## Goal of the exercise:
Retype the listing exactly, minus its pictures.

## Source material:
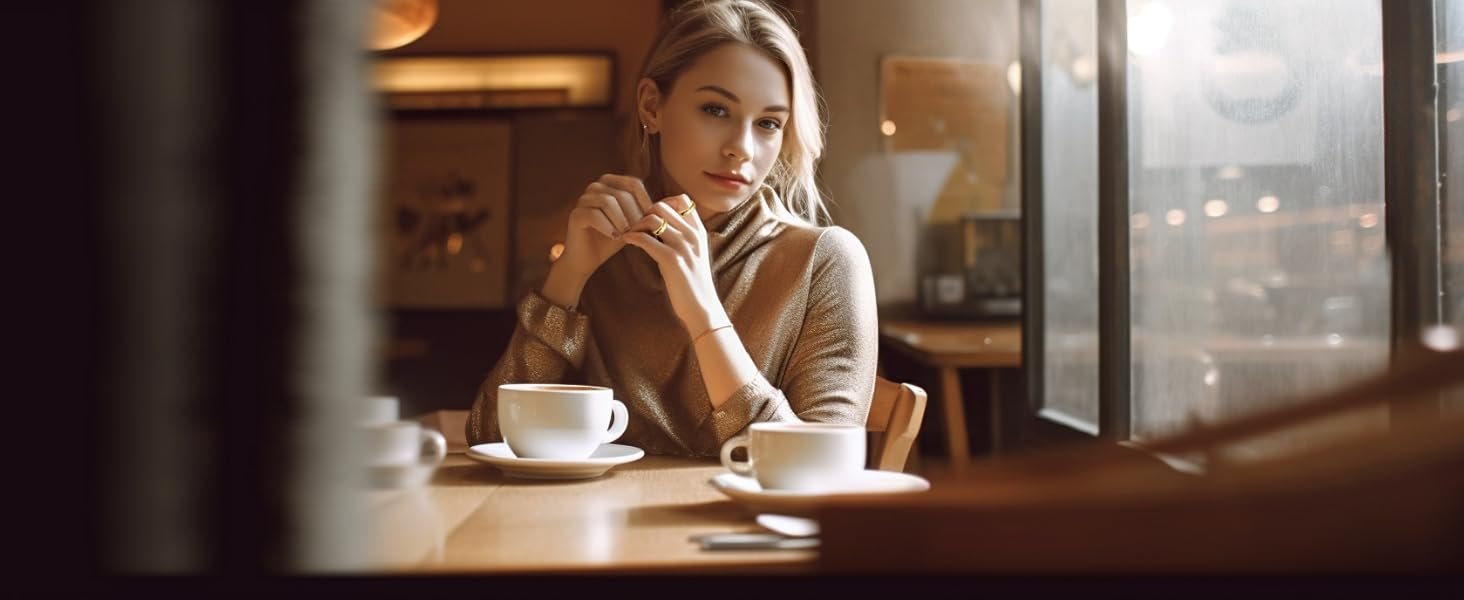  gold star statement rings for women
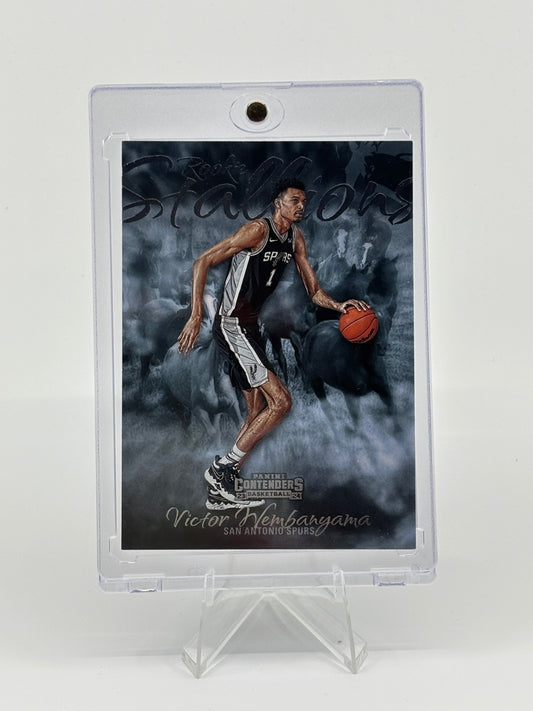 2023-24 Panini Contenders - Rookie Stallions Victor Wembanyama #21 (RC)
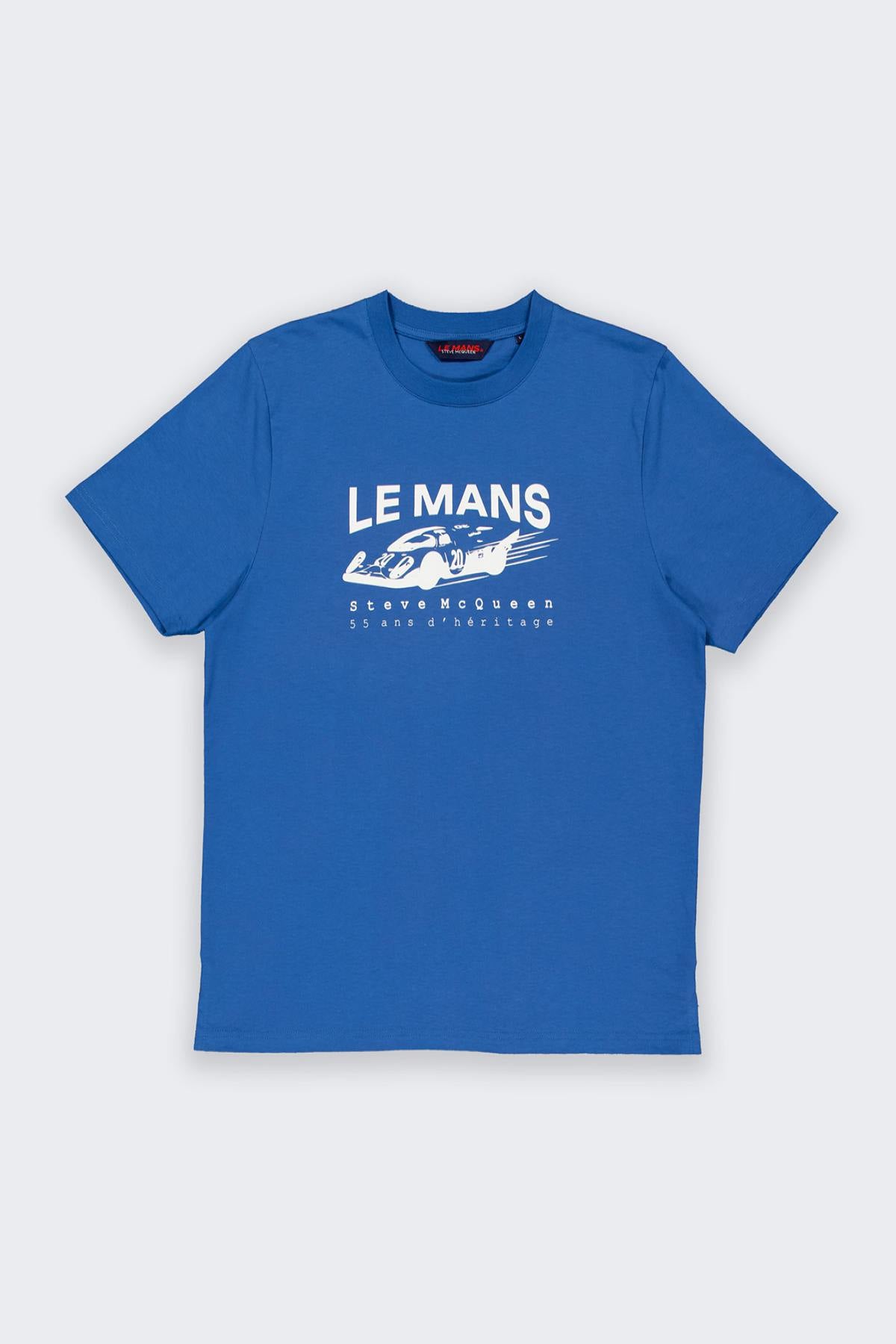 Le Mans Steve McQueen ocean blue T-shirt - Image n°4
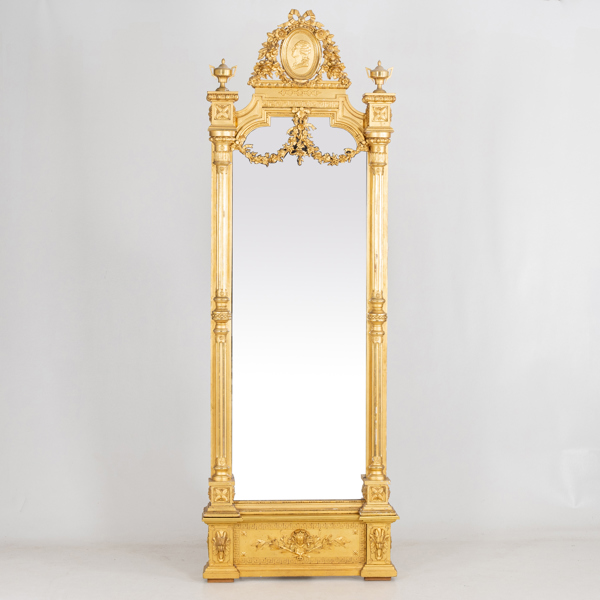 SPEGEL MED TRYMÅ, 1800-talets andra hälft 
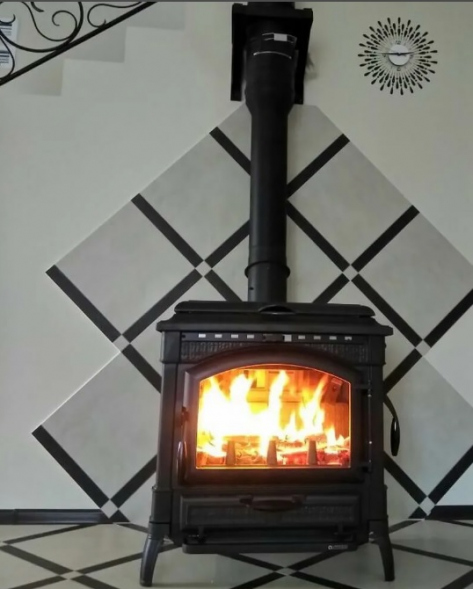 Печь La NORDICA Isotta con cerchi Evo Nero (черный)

## Worked solution:
  gold star statement rings for women
 2023-24 Panini Contenders - Rookie Stallions Victor Wembanyama #21 (RC)
 Le Mans Steve McQueen ocean blue T-shirt - Image n°4
 SPEGEL MED TRYMÅ, 1800-talets andra hälft 
 Печь La NORDICA Isotta con cerchi Evo Nero (черный)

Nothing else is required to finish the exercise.